• [Requirement]: Leaving out any pictures, transcribe every record exactly.

========================================================================

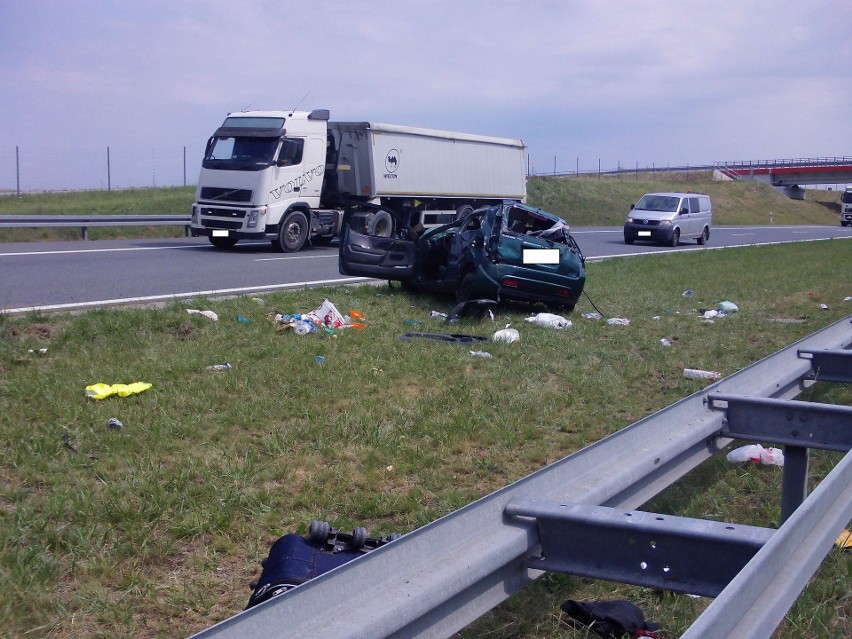 Samochód przebił bariery i dachował na autostradzie koło Tarnowa
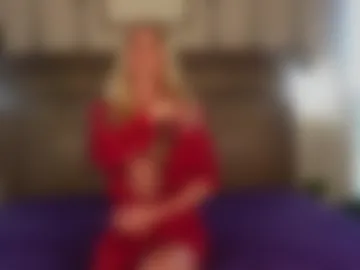 sexyblondegurl photo 4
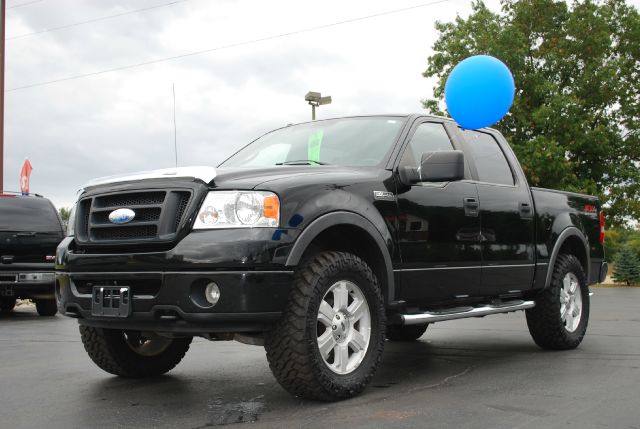 2007 Ford F150 4d,ac,pw,sunroof,leather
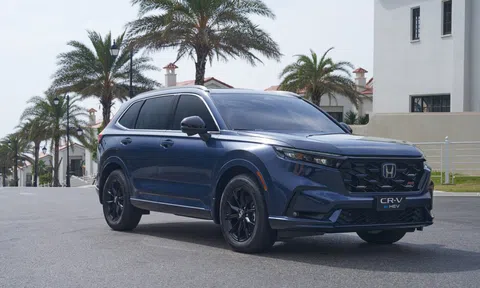 Vừa mới ra mắt, Honda CR-V 2024 đã bán kèm "lạc" 50 triệu đồng tại đại lý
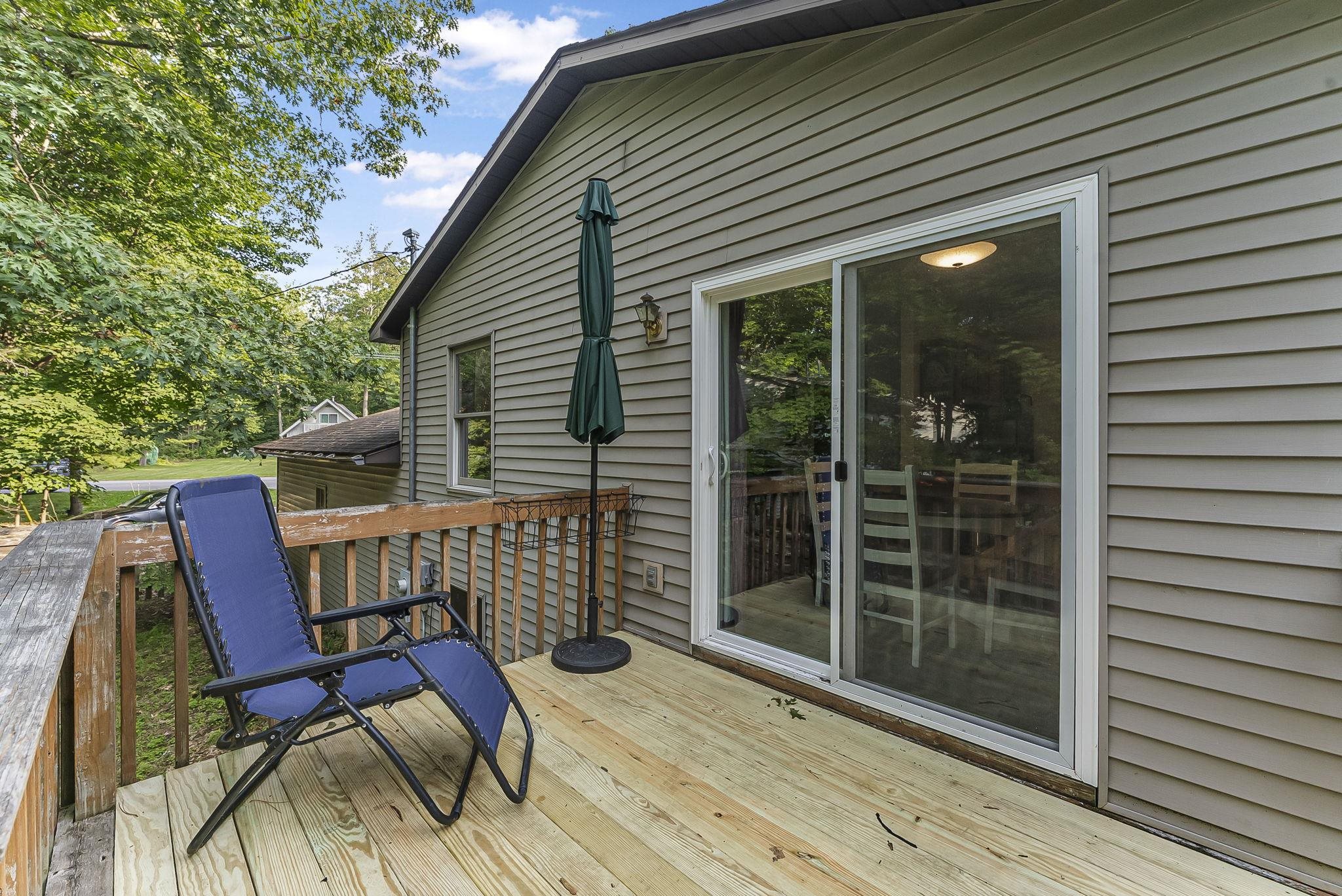10583 Wildwood Road Interlochen, MI 49643 - Photo 19 of 35 1938484-6cfd13c5-900a-49b4-b783-fd923938ab80.JPG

========================================================================

• [Solution for this exercise]:
 Samochód przebił bariery i dachował na autostradzie koło Tarnowa
 sexyblondegurl photo 4
 2007 Ford F150 4d,ac,pw,sunroof,leather
 Vừa mới ra mắt, Honda CR-V 2024 đã bán kèm "lạc" 50 triệu đồng tại đại lý
10583 Wildwood Road Interlochen, MI 49643 - Photo 19 of 35 1938484-6cfd13c5-900a-49b4-b783-fd923938ab80.JPG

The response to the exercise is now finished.